Given the essential role of Ca2+ in mediating olfactory adaptation, we performed EOG recordings using a paired-pulse stimulation paradigm. In this paradigm, the olfactory epithelium was stimulated with two 100 ms odorant pulses separated by a 1 s interval (Song et al., 2008; Cygnar and Zhao, 2009; Stephan et al., 2011). Adaptation was represented as the amplitude of the second response relative to the amplitude of the first (for the net second response amplitude determination, see Materials and Methods). Consistent with previous findings (Song et al., 2008; Stephan et al., 2011), X4−/− mice overadapted relative to WT mice, whereas B1ΔCaM mice adapted similarly to WT (Fig. 3A–C; Table 1). We found that X4−/−;B1ΔCaM mice displayed markedly enhanced adaptation compared with WT and B1ΔCaM mice, similar to X4−/− mice (Fig. 3A–C; Table 1). However, X4−/−;B1ΔCaM mice did show a trend toward less adaptation compared with X4−/− mice. We also analyzed response latencies to the second stimulus, quantified as the time from presentation of the second pulse to the reversal point where the response changes from terminating to responding again. X4−/− mice displayed significantly longer response latency to the second stimulus (Fig. 3D; Table 1), similar to the previous finding (Stephan et al., 2011). B1ΔCaM mice displayed similar second response latency to WT. Interestingly, X4−/−;B1ΔCaM mice displayed a second response latency longer than that of WT and B1ΔCaM mice, but shorter than that of X4−/− mice (Fig. 3D; Table 1). Even with these changes in response latencies, there were no significant differences in the time-to-peak values for the second peaks (Fig. 3E; Table 1).

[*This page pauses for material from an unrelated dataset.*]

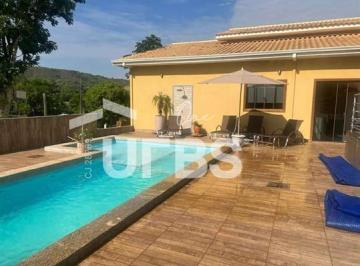 Casa · 430m² · 5 Quartos · 8 Vagas · Casa térrea à venda no Condomínio Águas da Serra- Hidrolândia – frente para o lago de pesca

We next investigated whether X4−/−;B1ΔCaM mice would display altered response decay during sustained stimulation as both X4−/− and B1ΔCaM mice displayed significantly less decay in our previous studies. To do this, we stimulated the olfactory epithelium with a 10 s pulse of odorant (Fig. 4A). Similar to the responses to brief odorant pulses X4−/−;B1ΔCaM mice displayed smaller response amplitudes in response to a sustained stimulus compared with all other genotypes (Fig. 4B; Table 1). X4−/−;B1ΔCaM mice as well as B1ΔCaM displayed significantly prolonged response onset, quantified as time to peak, in response to the sustained stimulation compared with WT mice (Fig. 4C; Table 1). X4−/− mice also trended toward a prolonged response onset compared with WT mice. Quantification of response decay was performed by calculating the area under the trace, after normalization of each response to the peak amplitude, from the peak time to the time point 9 s beyond the peak. In agreement with previous studies, X4−/− and B1ΔCaM mice both displayed less response decay during sustained stimulation compared with WT. X4−/−;B1ΔCaM mice also showed less response decay compared with WT, but the response decay did not differ significantly from X4−/− or B1ΔCaM mice (Fig. 4A,D; Table 1).

Figure 4.

Figure 4.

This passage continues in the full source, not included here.